Too many people don’t get the help they need.
They turn to substances to try to feel happier and/or calmer. Alcohol, drugs – both purchased with prescriptions or illegally on the street – and risky behavior such as gambling or promiscuous sex are among the more common and self-destructive ways people try to treat their depression.
Another far more common way people try to improve their mood is with food.
The kind of food people use as a mood lifter is usually not the same kinds of food we equate with nutritious. Food used to treat depression tends to be highly processed, full of sugar, fat, and therefore calories. Typically is nutritionally void and calorie dense and the relief is so fleeting that people tend to keep eating to try to achieve a feeling of well-being.
Trying to improve a bad mood with food is a bad idea.
Emotional eating leads to obesity. The links between physical health and obesity are clear and understood. Not every obese individual is physically unhealthy, but many suffer from emotional health.
Psychological consequences of being overweight or obese can include lowered self-esteem and anxiety, and more serious disorders such as depression and eating disorders such as binge eating, bulimia and anorexia.
It’s not surprising that food is a way people use to treat depression although their choice of foods are destructive and make depression worse. Some foods, however, naturally raise seretonin and can help to fight depression. They’re not the foods you crave when you feel like you need a lift, but they’re the foods when eaten as a regular part of your diet can naturally boost your feel good chemicals in your brain.
- Raw pumpkin seeds
- Raw spinach
- Sesame seeds
- Raw almonds
- Raw dried dates
- Sunflower seeds
- Pumpkin leaves
- Turnip greens
You may look at that list and think, “yuck.” You don’t need to eat all the foods on the list, and there are more such as, eggs, turkey, pineapple, cheese and tofu.

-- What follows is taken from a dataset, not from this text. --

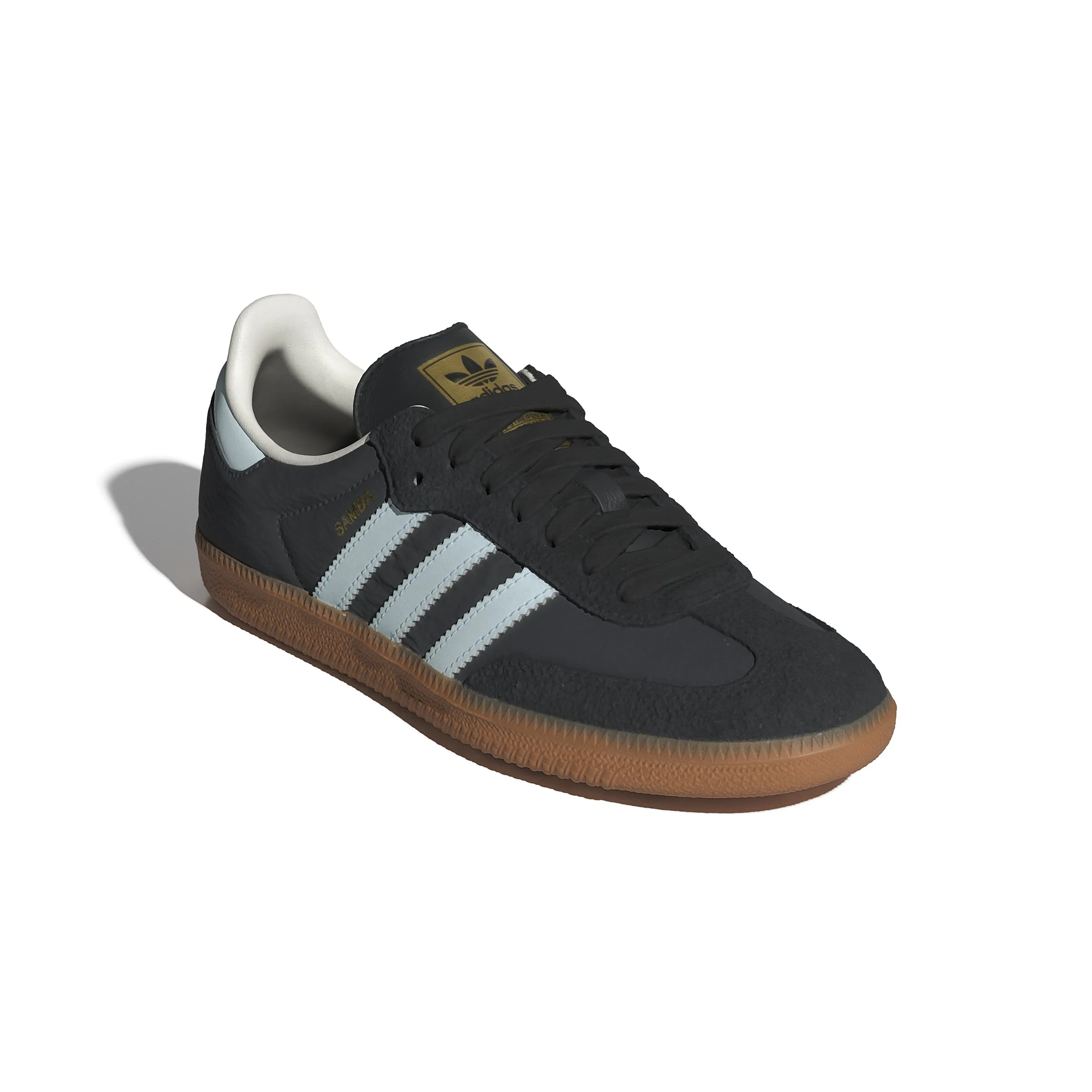 Wmns Samba OG 'Carbon Aluminium'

When you are trying to treat depression, magnesium and the B Vitamins are important. Vitamins B3 and B6 are especially potent. Healthy fats are also effective and often avoided because of the higher calorie content. That’s a common mistake believing that “eating fat makes you fat.”
An other mood-boosting nutrient is resveratrol and it’s from dark skinned fruits like grapes. The grapes, by the way, need not be liquified and fermented to do the happy-making trick. All kidding aside, alcohol including wine, is a depressant.
Maybe you’re having trouble controlling your eating and have been gaining weight. If you are experiencing cravings for fatty, sugary, salty foods and eating too much of such foods too often, you may be trying to self-medicate depression with food. Food won’t make your depression better, and gaining weight can certainly intensify it.
On Thursday, October 5, 2017 you can get free screenings for depression. Even if you don’t think you have depression, if you eat to feel better, it’s worth taking advantage of the free screening.